On the one hand, she has been tapped to be a card-carrying Trump surrogate, and is apparently a big hit with the base. She's a perfect spokeswoman for the axis of free market Jesus, with a strong libertarian "let's burn down the government" streak, and she is not one to wander off message. And she has always been properly deferential, almost never plugging policies like her beloved Education Freedom tax dodge scholarship program without giving the President credit for being a huge supporter, even if he has no idea what the heck she's talking about. Maybe it's that she's a good party operative, or maybe she's naturally loyal, or maybe it's the knowledge that her family could buy and sell Trump a half-dozen times, so why not humor him? Hard to know.

She has one other secret weapon as an administration proxy-- she hasn't really accomplished all that much. Yes, she's pulled the department away from any support of civil rights, and yes, she's totally botched the college student loan forgiveness operation, yes, she's left her department fully understaffed, but it's not like she has redirected the department to funnel money into Trump properties or sold off valuable land or tried to personally profit off her office, like some other fine examples of the cabinet. It's not even like she's had to reverse herself of deeply held principles, like so many GOP members have had to do. In terms of actual solid accomplishments, there's just not much you can point at and either love or hate.

Not that it has stopped anybody. DeVos seems pretty easy for folks to hate. Even as she is being anointed as a Trump campaign surrogate, the Democrats have made her a surrogate of another kind.

The candidate field is filled with people who promise to fire her. We heard some of that in Pittsburgh in December in front of an education-focused audience, and it seems to have gathered steam. It's an odd promise to make--seeing a new President of the opposing party fill a cabinet with all new people is not exactly unusual. But some of the candidates really relish saying it, and audiences seem to relish hearing it. The polls suggest that it's the Democrats and not the Trumpists who have correctly identified the best campaign use of DeVos.

At the same time, my entirely unscientific survey suggests a slight uptick in "Betsy DeVos suck" articles, like this Teen Vogue op-ed from the AFT. Honestly, it's kind of weak sauce, but it's one of many reminders that DeVos exists, that she's part of this administration, and that she pisses you off.

It's a curious effect. Part of it is certainly her use of the bully pulpit as a pulpit from which to bully the very public education system that is theoretically in her stewardship. And she is certainly emblematic of the modern ed reform movement, which we might well call the Age of Amateurs, in which people who don't know what the hell they're talking about have found a dozen different ways to gather power over the education system in this country.

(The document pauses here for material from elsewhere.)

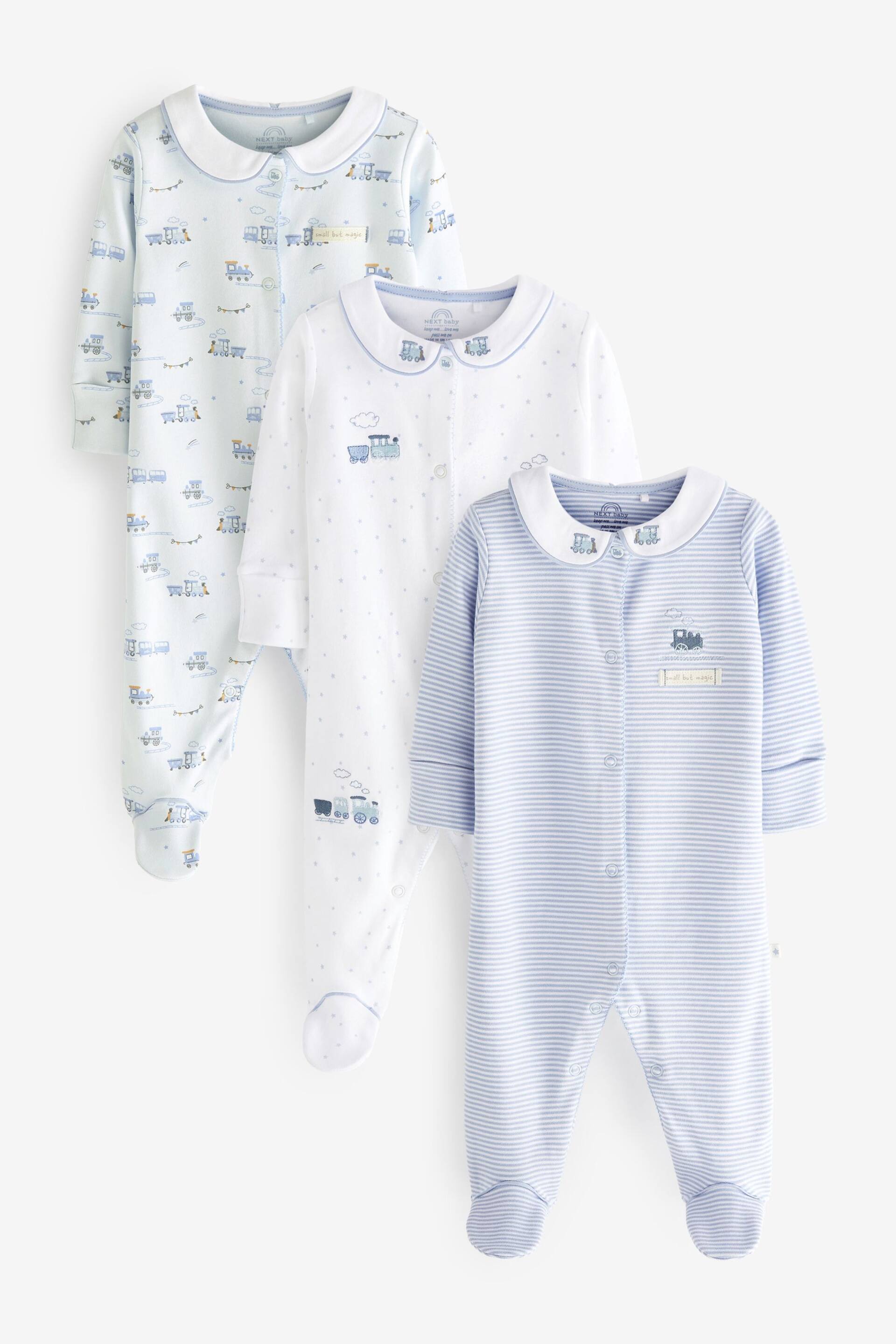 White Baby Sleepsuits 3 Pack (0-2yrs) - Image 8 of 15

There's the smirk, the self-satisfied simper of a woman who is above All This, what people of faith sometimes call being in this world, but not of it. And while some folks have written off as dumb, she's not, and others of us get that she doesn't feel she owes anyone a straight answer. And it all comes wrapped in the "thinks she better than you" air of unearned wealth. It may not be fair, but it's easy to imagine that DeVos has a security detail to protect her from commoner cooties.

I don't hate DeVos. I think she's supremely unqualified for the job, her world view wildly wrong, and she remains a threat to healthy public education in this country, but she's my age, I've been around religious conservatives my whole life, and while I don't know her, I feel like I recognize her. I get why she inspires such rage-iness (and, to a lesser extent, why she inspires admiration in some quarters). I do question why Mike Pence, who is cut from pretty much the exact same cloth, but who has actually managed to cause more real harm, doesn't inspire the same sort of rage. Maybe it's because he hasn't repeatedly told millions of public school teachers they suck, or maybe it's the whole penis thing, again. I'll be happy to see her go away, though I think she has as much ability to do real damage as a private way-rich citizen as she does in her current job. Maybe more. But if she quit today, it certainly wouldn't affect my vote in November.

Whatever the case, it looks like we're in for nine more months of DeVos serving as both a punching bag and a cheerleader for Beloved Leader. What a strange new place we've come to, where a secretary of education is a big feature of a Presidential election.

1 comment:

  1. OK I WILL say it...I hate Betsy DeVos. I hate dipshits who are born into wealth and act like they carry Jesus' message while displaying none of WWJD? ethic.

    In fact I'm starting to hate anybody who cannot understand empirical data. "Belief" & "dogma" are the exact antithesis in which this country was founded in an age of reason.